DATA FOR REVIEW -
◇ ◇ ◇
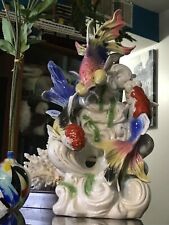 BIG CHINESE FISHES SCULTURE / FINE PORCELAIN 19” TALL picture
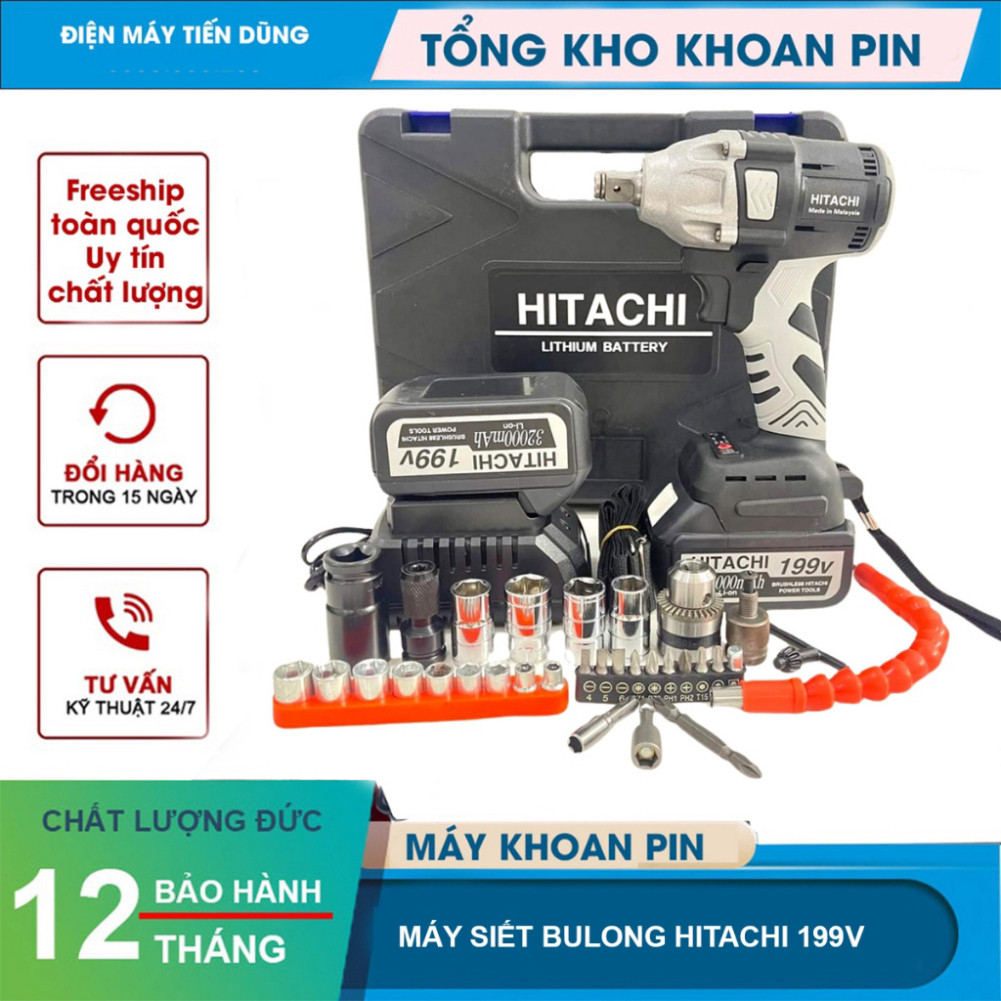 Máy Siết Bulong pin Hitachi 199v, pin 10cell động cơ không chổi than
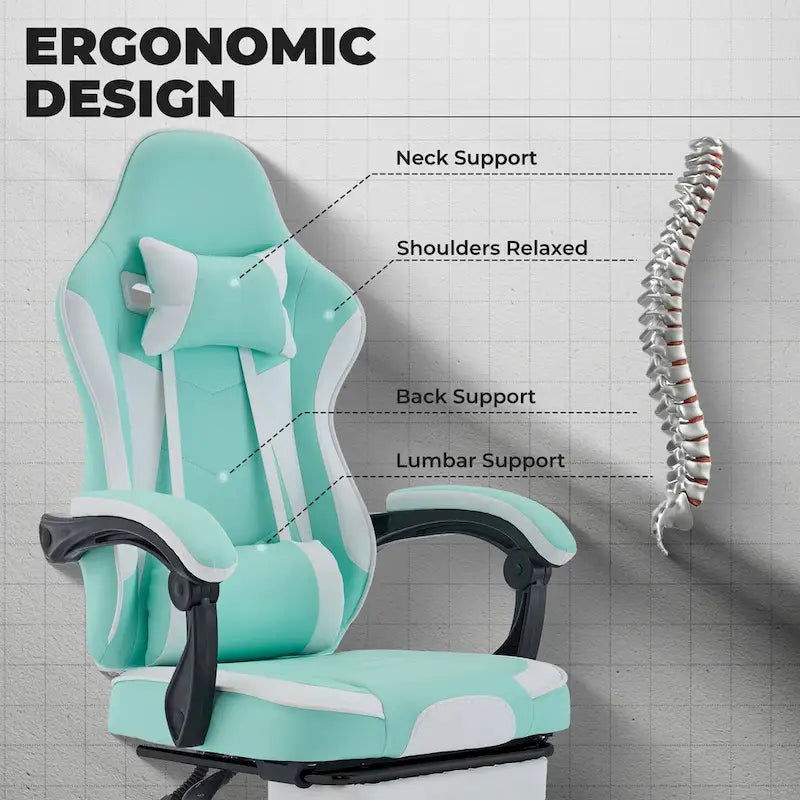 Green Ergonomic Gaming Chair, Height Adjustable, Reclining, with Footrest, for 1 Person, 300 lbs Capacity
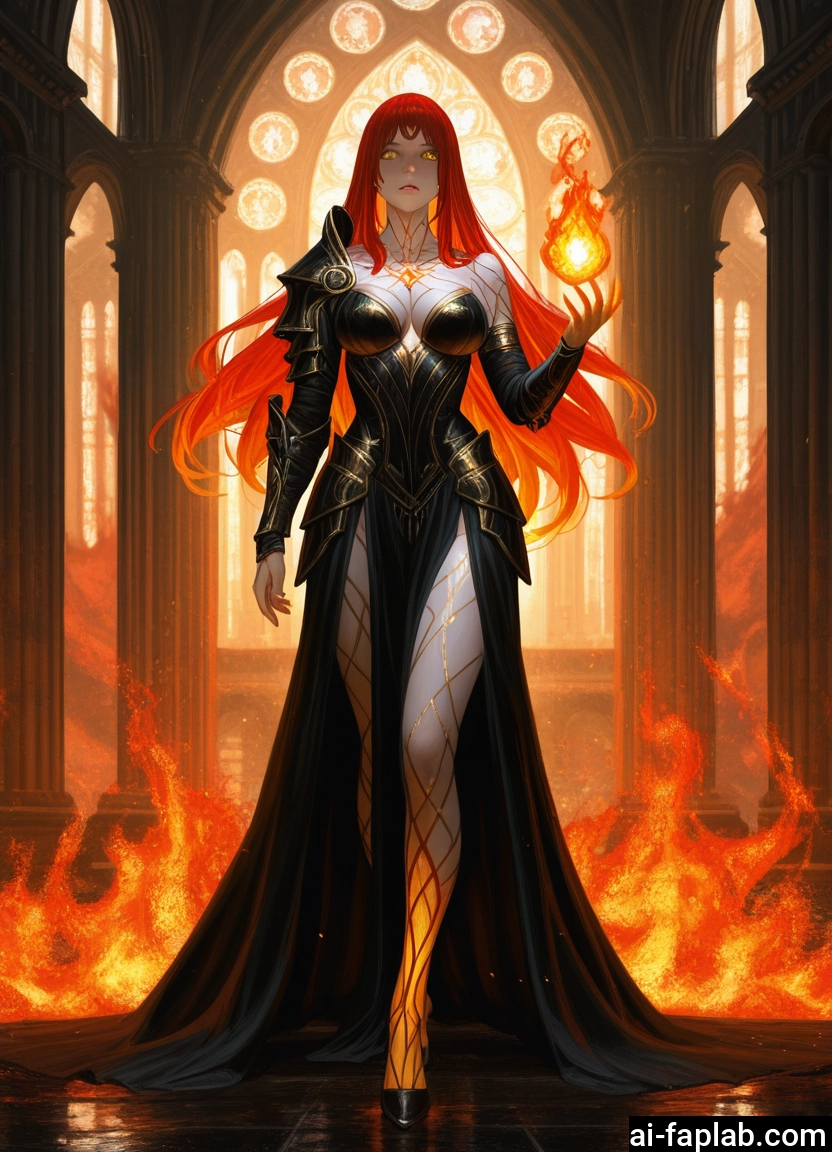1girl, breasts, long hair, fire, yellow eyes, solo · Yamete.gg
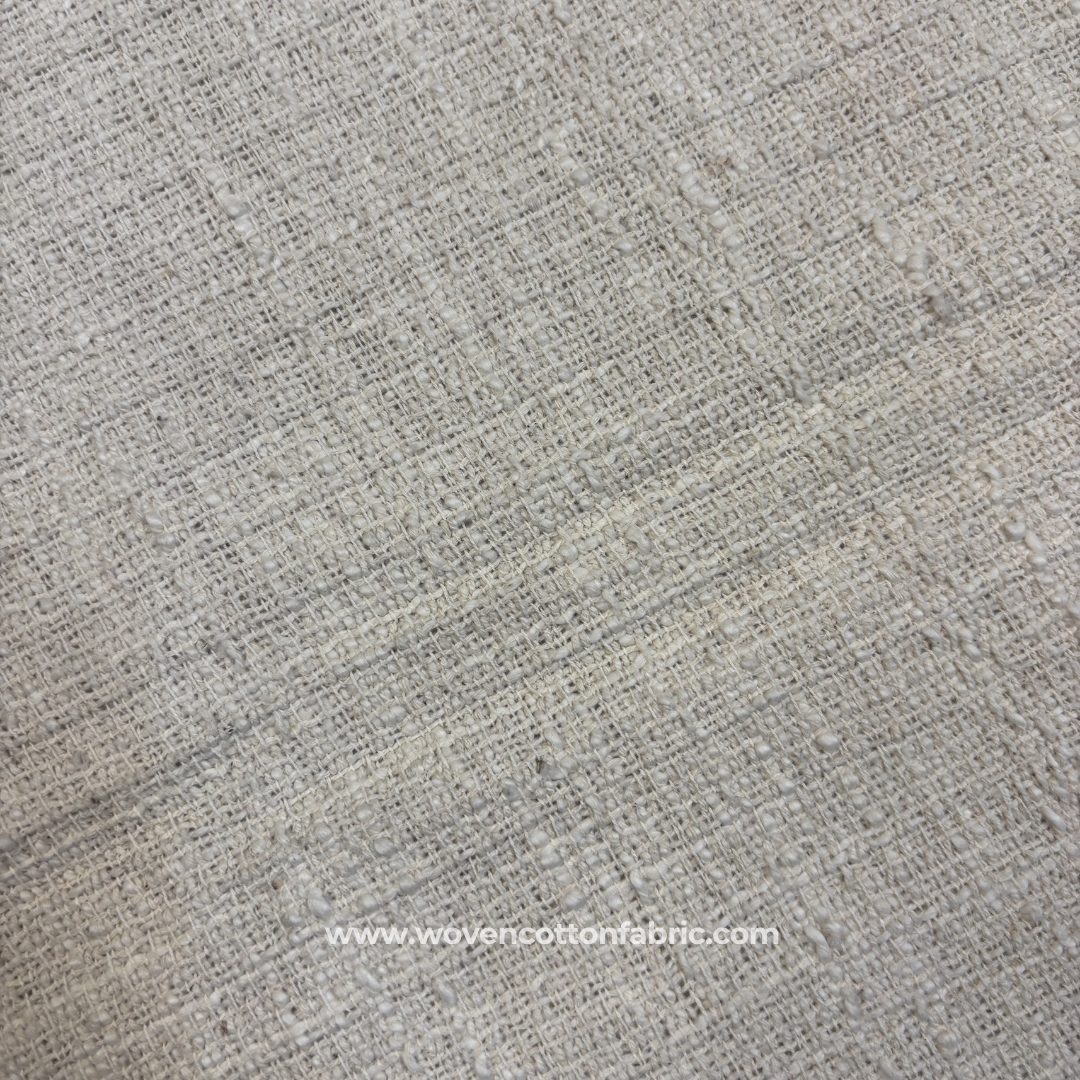 Natural Off-White Textured Slub Cotton Handloom Fabric, Per Meter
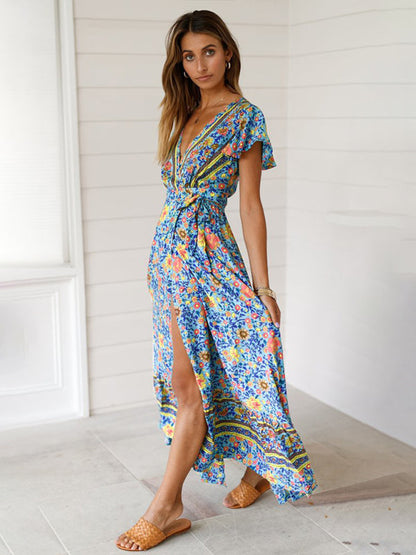 Dress- Bohemian Chic: Floral Wrap Maxi Dress with Lotus Leaf Sleeves- - Pekosa Women Clothing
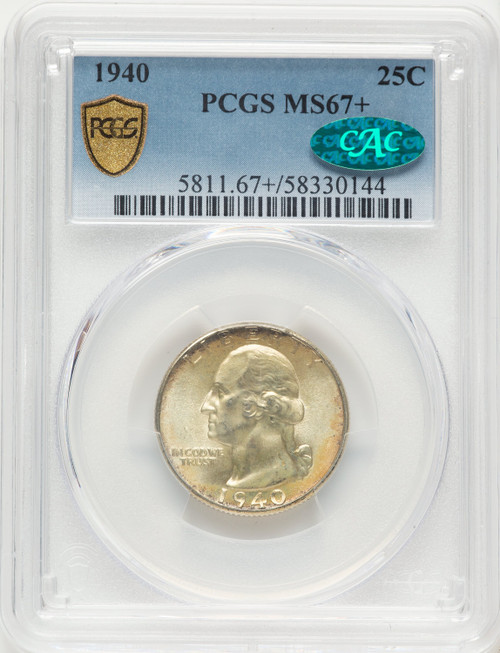 1940 25C CAC Washington Quarter PCGS MS67+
◇ ◇ ◇
Reproduce the data above word for word, but leave the images out.

PROBLEM SOLUTION -
 BIG CHINESE FISHES SCULTURE / FINE PORCELAIN 19” TALL picture
 Máy Siết Bulong pin Hitachi 199v, pin 10cell động cơ không chổi than
 Green Ergonomic Gaming Chair, Height Adjustable, Reclining, with Footrest, for 1 Person, 300 lbs Capacity
1girl, breasts, long hair, fire, yellow eyes, solo · Yamete.gg
 Natural Off-White Textured Slub Cotton Handloom Fabric, Per Meter
 Dress- Bohemian Chic: Floral Wrap Maxi Dress with Lotus Leaf Sleeves- - Pekosa Women Clothing
 1940 25C CAC Washington Quarter PCGS MS67+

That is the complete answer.